Task description:
Please repeat, exactly as written, the line containing "Early morning scenery" and every line after it through the end of the records below, leaving out any pictures.

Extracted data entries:
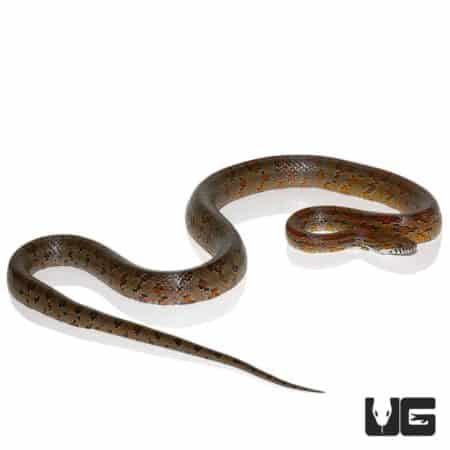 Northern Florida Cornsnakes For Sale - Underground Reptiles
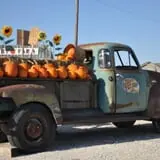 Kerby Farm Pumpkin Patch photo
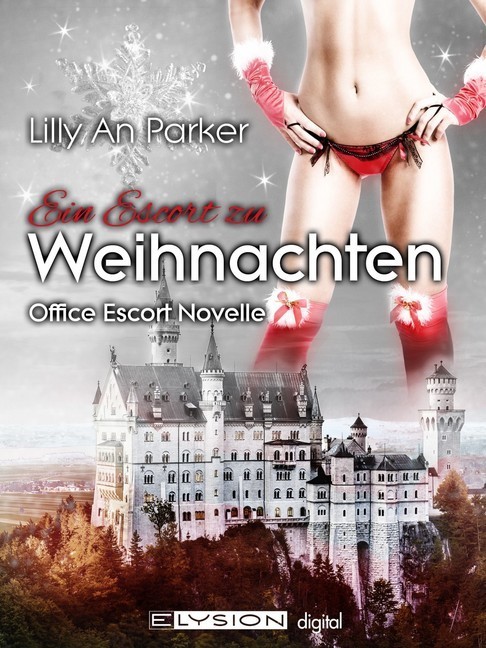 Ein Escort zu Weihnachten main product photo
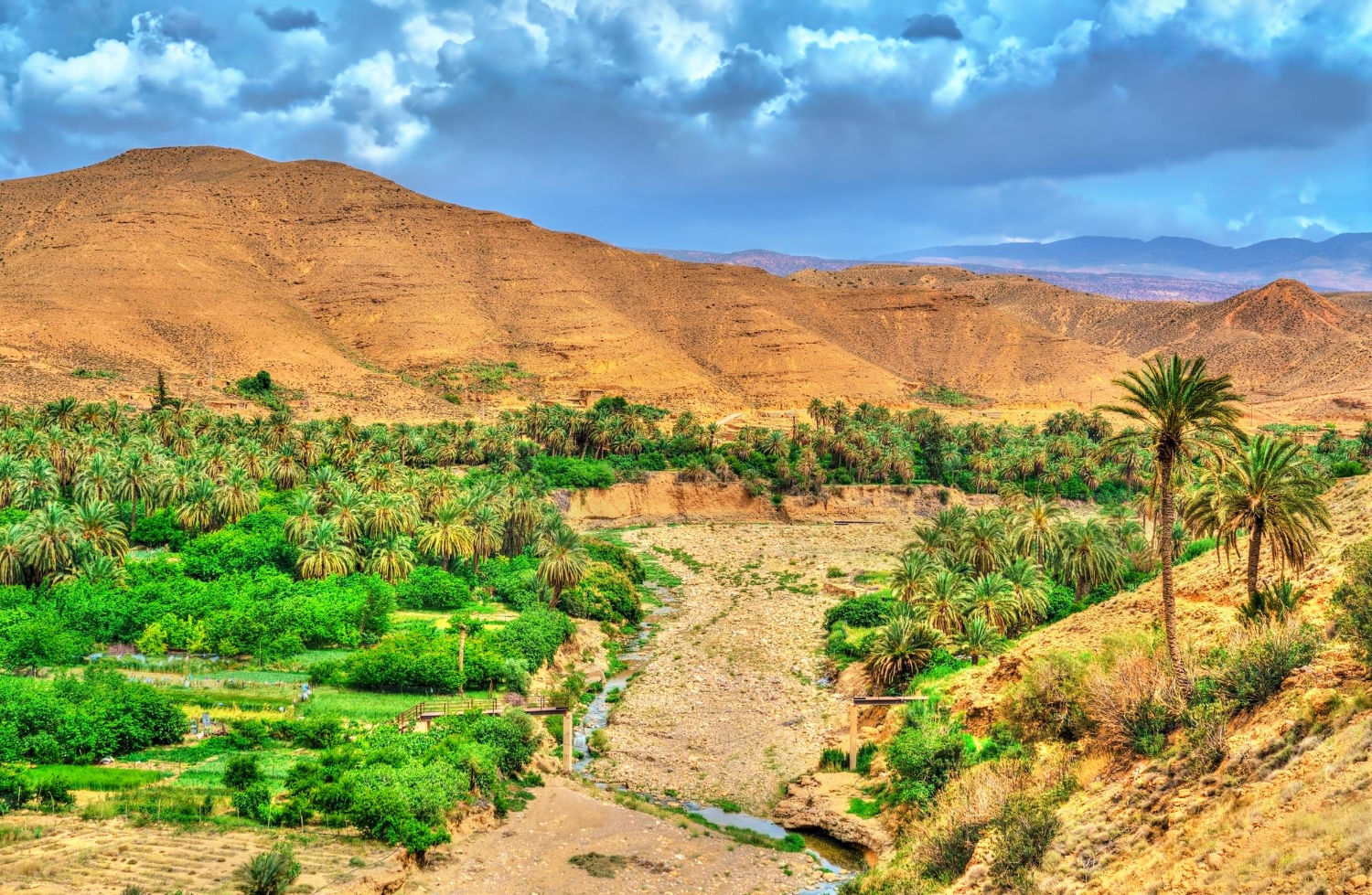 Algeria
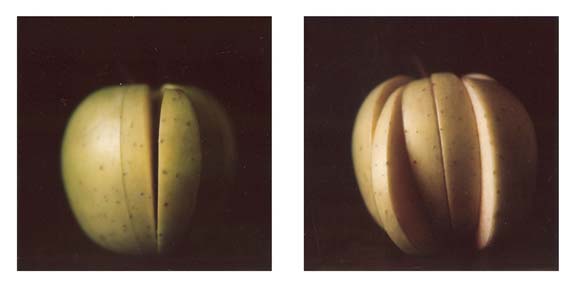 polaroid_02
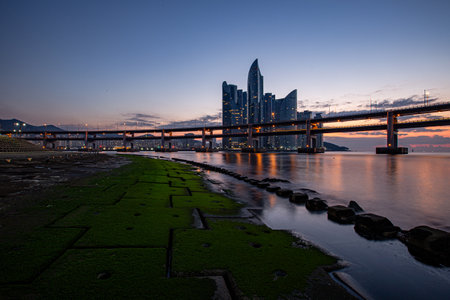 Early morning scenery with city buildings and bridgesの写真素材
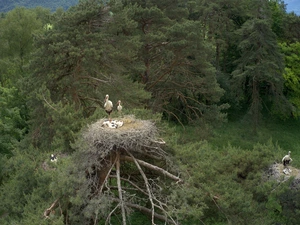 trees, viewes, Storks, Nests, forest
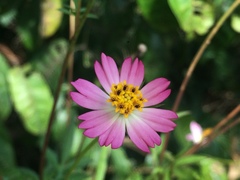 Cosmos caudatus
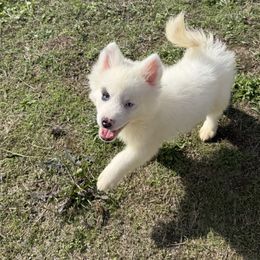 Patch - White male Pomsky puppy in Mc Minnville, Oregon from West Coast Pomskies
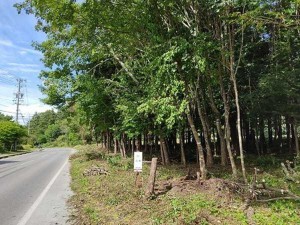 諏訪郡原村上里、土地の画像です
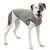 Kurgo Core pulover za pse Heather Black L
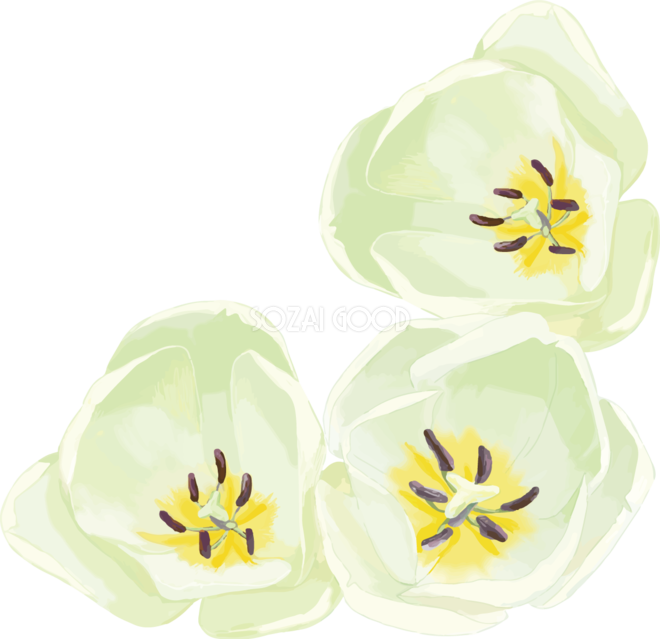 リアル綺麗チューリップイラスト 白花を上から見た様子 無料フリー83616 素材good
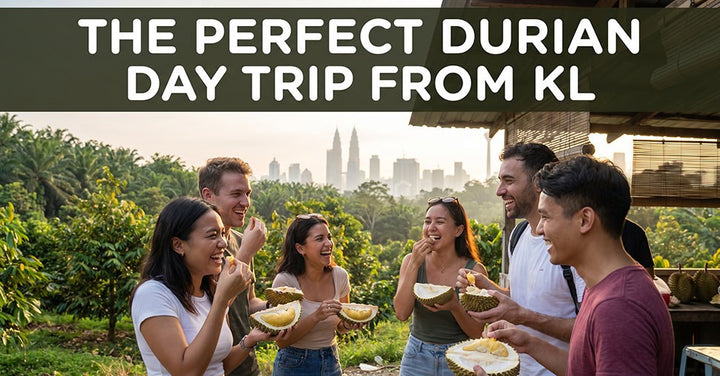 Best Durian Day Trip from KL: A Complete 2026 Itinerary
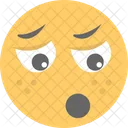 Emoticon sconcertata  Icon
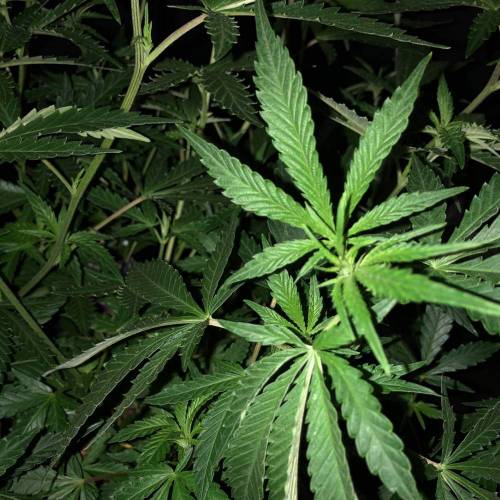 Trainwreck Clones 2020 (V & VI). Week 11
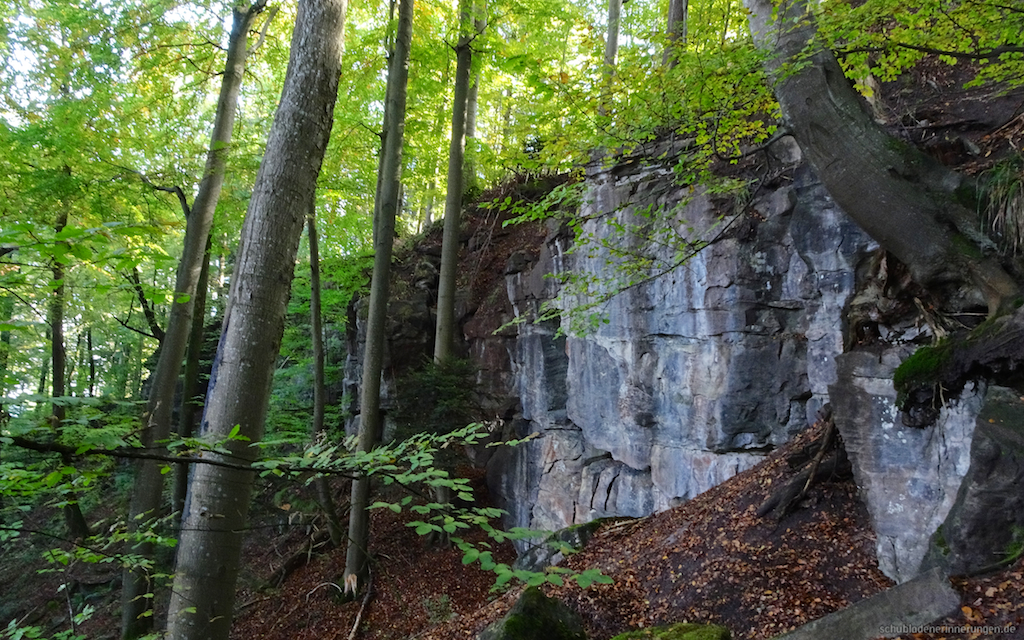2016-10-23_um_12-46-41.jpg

Written response:
 Early morning scenery with city buildings and bridgesの写真素材
 trees, viewes, Storks, Nests, forest
 Cosmos caudatus
 Patch - White male Pomsky puppy in Mc Minnville, Oregon from West Coast Pomskies
 諏訪郡原村上里、土地の画像です
 Kurgo Core pulover za pse Heather Black L
 リアル綺麗チューリップイラスト 白花を上から見た様子 無料フリー83616 素材good
 Best Durian Day Trip from KL: A Complete 2026 Itinerary
 Emoticon sconcertata  Icon
 Trainwreck Clones 2020 (V & VI). Week 11
2016-10-23_um_12-46-41.jpg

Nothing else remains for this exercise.